– Mortgage rates have reached their lowest level since May 2023
– The 30-year fixed-rate mortgage averaged 6.6%, down from last week’s 6.66%
– The 15-year fixed-rate mortgage averaged 5.76%, down from 5.87% the prior week
– The decrease in mortgage rates is good news for homebuyers waiting for rates to drop
– Housing starts declined 9% in 2023, indicating a lack of inventory for homebuyers
– Mortgage demand increased as a result of lower rates, with a 10% jump in mortgage applications
– December’s retail sales report showed strong consumer spending, leading to speculation about rate cuts by the Federal Reserve
– Fed officials project at least three rate cuts in 2024, with rates potentially reaching a median of 4.6% by the end of the year
– More than 57% of investors have priced in a quarter-point rate cut in March
– Fed Governor Christopher Waller advocates for cautious and methodical rate cuts.

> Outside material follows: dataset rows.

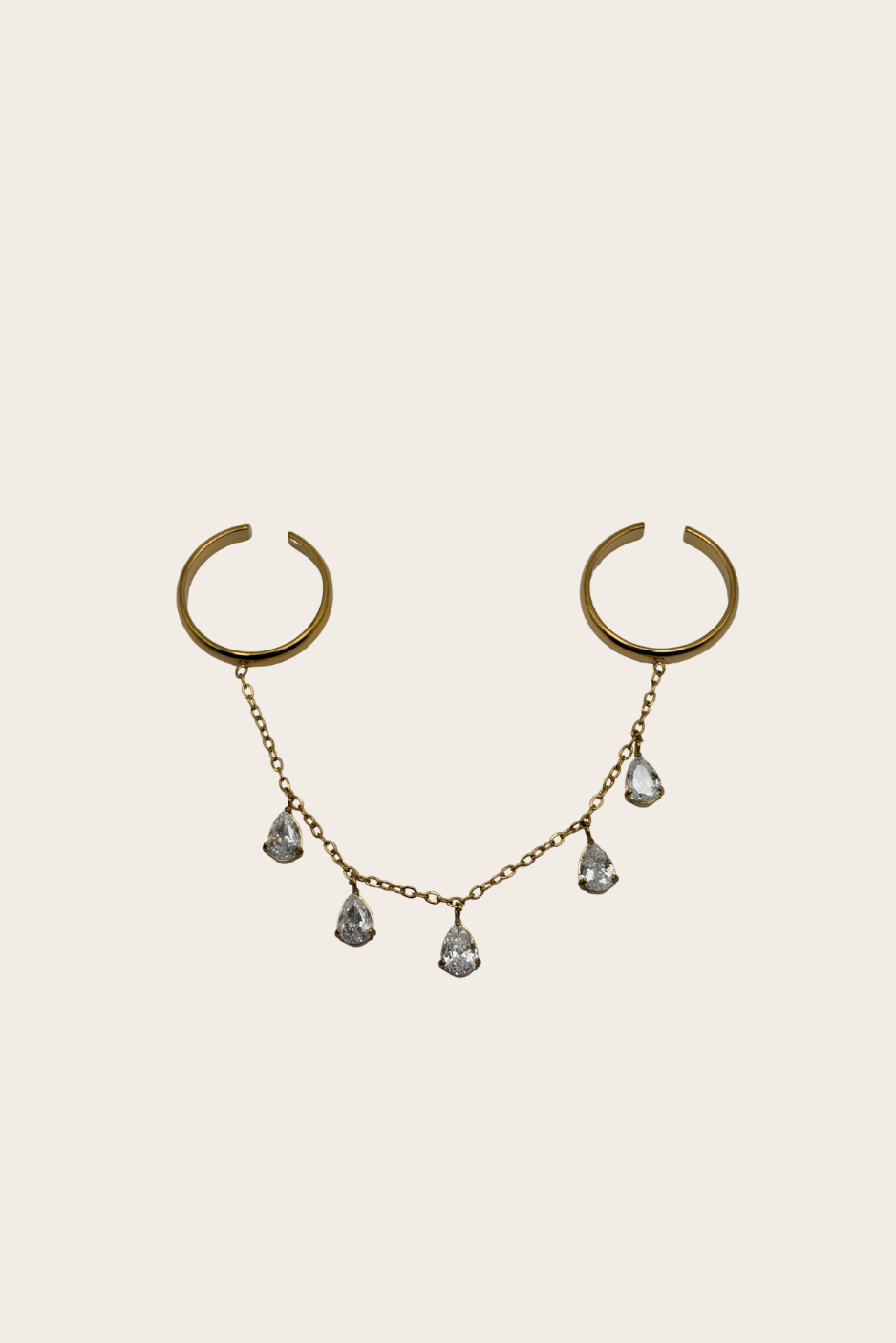 Double Diamonds Chain Ring by M Bali - stainless steel jewelry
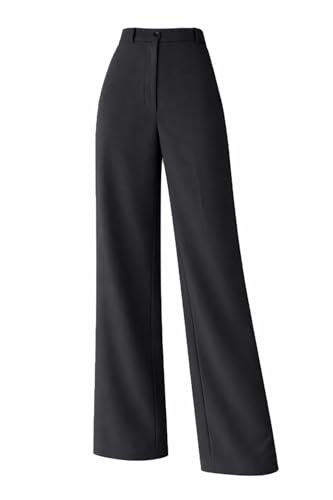 Image of KERI PERRY Trousers for Woman Pants Women's Formal Office Korean | Beige Black Track Pant | Straight | Cotton Spandex Stretchable Trouser | High-Waisted Bottom Wear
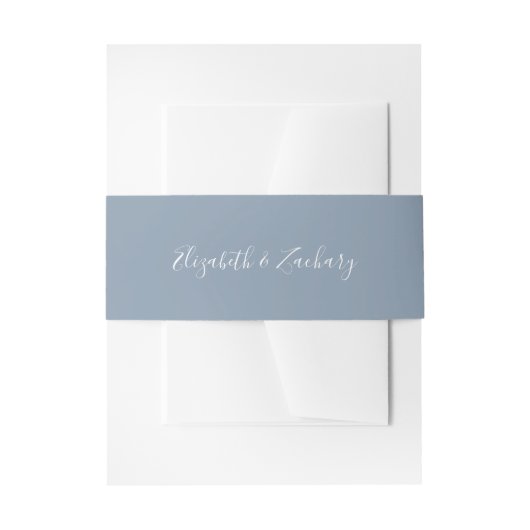 Modern Script Dusty Blue Wedding Uitnodigingen Wikkel (Voorkant Voorbeeld)
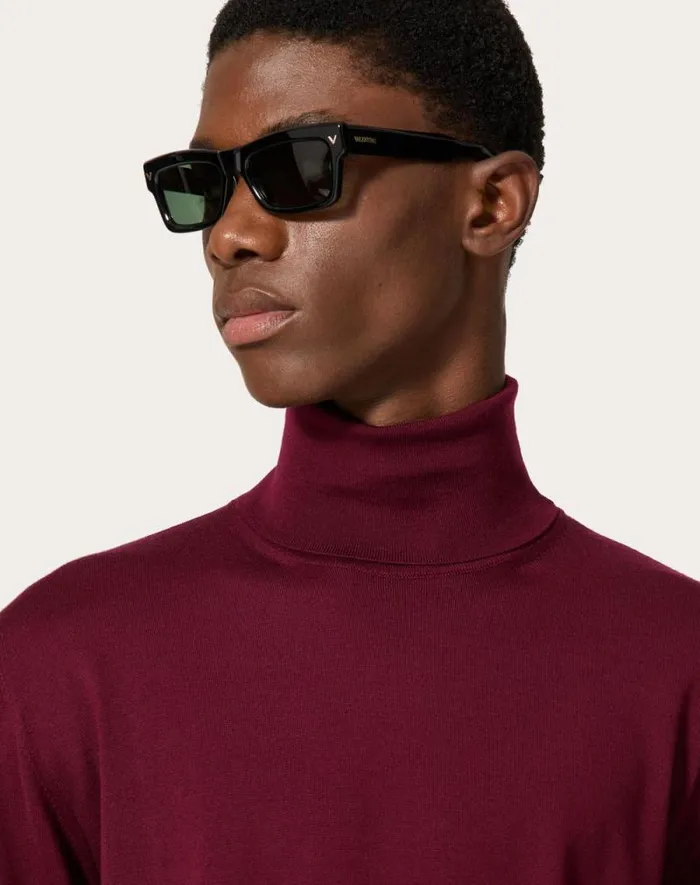 Valentino Knitwear Man Highneck Wool Sweater With Vlogo Signature Embroidery For Man In Maroon Maroon Valentino Knitwear Man Highneck Wool Sweater With Vlogo Signature Embroidery For Man In Maroon Maroon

Mortgage rates continued their descent this week to mark their lowest level since May 2023, welcome news for homebuyers who have been waiting on the sidelines for rates to drop.
The 30-year fixed-rate mortgage averaged 6.6% as of Jan. 11, a decrease from last week’s 6.66%, according to Freddie Mac‘s Primary Mortgage Market Survey released on Thursday.
The 15-year fixed-rate mortgage averaged 5.76% this week, down from 5.87% the prior week. HousingWire’s Mortgage Rates Center showed Optimal Blue’s average 30-year fixed rate on conventional loans at 6.709% on Thursday, up from 6.66% recorded at the same time last week.
“This is an encouraging development for the housing market and in particular first-time homebuyers who are sensitive to changes in housing affordability. However, as purchase demand continues to thaw, it will put more pressure on already depleted inventory for sale,” said Sam Khater, Freddie Mac’s chief economist.
Housing starts declined 9% in 2023, an indication that homebuyers looking to purchase a new construction home may continue to struggle with the lack of inventory this year.
With mortgage rates continuing their downward trend last week with softer inflation readings – the so-called core consumer price index that excludes volatile food and energy prices – pulling them lower, mortgage demand was up in the week ending Jan. 12 compared to a week earlier.
“Mortgage applications jumped more than 10% as a result, with solid increases for both refinances and home purchases. The continuing decline in mortgage rates is promising for households looking to buy a home in the coming months,” said Bob Broeksmit, Mortgage Bankers Association’s (MBA’s) president and CEO.
Purchase apps increased by 9% from one week earlier on a seasonally adjusted basis, and refis were up 11% in the same period.
This week, December’s retail sales report showed strong consumer spending even after adjusting for holiday spending and inflation as policy makers mull rate cuts.
Eyes on the Fed’s rate cut timeline
According to projections from central bank officials, rates would be slashed to a median 4.6% by the end of 2024 from the current federal funds rate range of 5.25%-5.5%.
More than 57% of investors have priced in at least a quarter-point cut in March, according to the CME Group’s FedWatch tool. That is down from 67% last week and roughly 71% about a month ago.
Fed Governor Christopher Waller advocated moving carefully with lowering interest rates while acknowledging that cuts are likely this year.
“When the time is right to begin lowering rates, I believe it can and should be lowered methodically and carefully,” Waller said in prepared remarks at the Brookings Institution on Tuesday.
“In many previous cycles … the FOMC cut rates reactively and did so quickly and often by large amounts. This cycle, however, … I see no reason to move as quickly or cut as rapidly as in the past,” he added.